La desazón se había esfumado. Me alejé sin prisa. No soplaba viento. No se oía el grito de ninguna ave nocturna. Sólo el aguacero. Arrullado por su sonsonete y por las revoluciones del motor emprendí el camino de vuelta.

Eran más de las doce. La noche era una inmensa cúpula de azabache donde, pulida y resplandeciente, bailaba la diosa Kali.

Los faros del Mercedes hacían emerger de las tinieblas a los alcornoques haciendo guardia en los lugares asignados sobre el tapiz verdeante.

Incluso bajo una lluvia recia era agradable el recorrido desde la casa a la salida de la finca. Uno se olvidaba de que también se iba acercando al barranco. El camino estaba trazado en sentido convergente. La doble cancela era el punto más próximo al despeñadero.

Los dueños de Orozuz eran conscientes del peligro que suponía la ubicación de la doble cancela. Su traslado más adentro planteaba un problema de difícil solución debido al mal entendimiento con los vecinos.

Entre la doble cancela y el barranco había poca distancia. La cuneta, que estaba encharcada, y una estrecha franja de tierra en declive.
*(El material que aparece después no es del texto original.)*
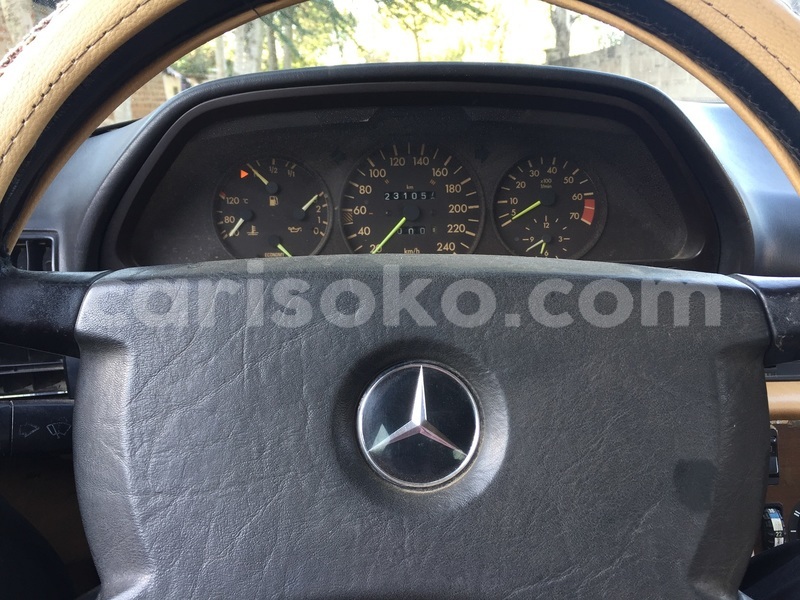 Big with watermark img 1674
En esta pendiente crecían borrajas y jaramagos.

La casa había quedado atrás. Tan lejana y extraña como si perteneciera a otro planeta. El limpiaparabrisas funcionaba a tope. La visibilidad era aceptable. En cuanto divisé la doble cancela, reduje la velocidad.
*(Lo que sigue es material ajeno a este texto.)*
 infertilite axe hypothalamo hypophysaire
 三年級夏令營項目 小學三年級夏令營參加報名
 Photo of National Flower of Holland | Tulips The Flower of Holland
Paré y me quedé mirando con irritación el doble cerramiento espléndidamente iluminado por los faros del coche.

Debía reconocer que las quejas y las pullas de Elena estaban justificadas. Fueron ella y Reme quienes salieron siempre. Una sostenía el paraguas y la otra abría y cerraba las cancelas. Alegando que era el conductor, me quedaba en el coche.
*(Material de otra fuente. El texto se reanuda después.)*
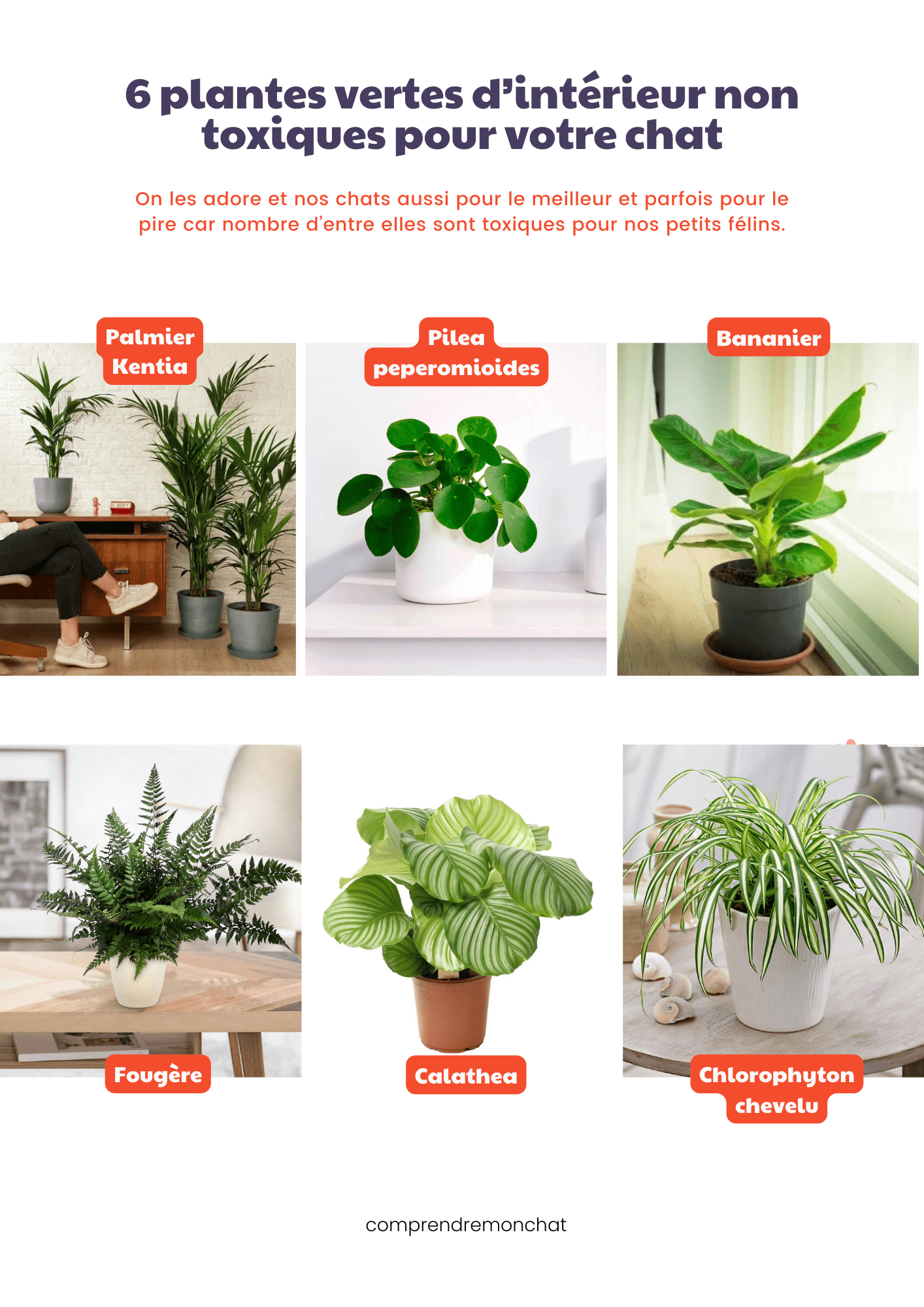 PRÉVENTION INTOXICATION.zip - 4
Era un fastidio tener que bajar. Ahora más que antes. Y esta misma operación debía repetirla otras dos veces.

Ante mí se alzaba una cancela metálica formada por un tablero rectangular pintado de verde, de cuya esquina superior derecha partía una barra semejante a una hipotenusa hasta el extremo del poste. Se abría obligatoriamente hacia dentro, pues, pegada a ella, había otra que era necesario empujar en dirección contraria.

Esta sucesión de dobles cancelas tenía una difícil explicación. La desavenencia entre vecinos no parecía razón suficiente para perpetrar ese disparate. En total había que franquear seis cerramientos.

No era tarea baladí llegar o salir de Orozuz. A propósito del nombre del alcornocal tuvimos, por cierto, la única conversación durante el viaje. No nos poníamos de acuerdo sobre su significado. Para Elena no tenía ninguno. Reme lo descompuso en “oro” y “azul”. La zeta final la achacaba a la pronunciación andaluza.

Apunté que se trataba del nombre de una planta también llamada regaliz. Al unísono me replicaron que eso era una chuchería de color negro.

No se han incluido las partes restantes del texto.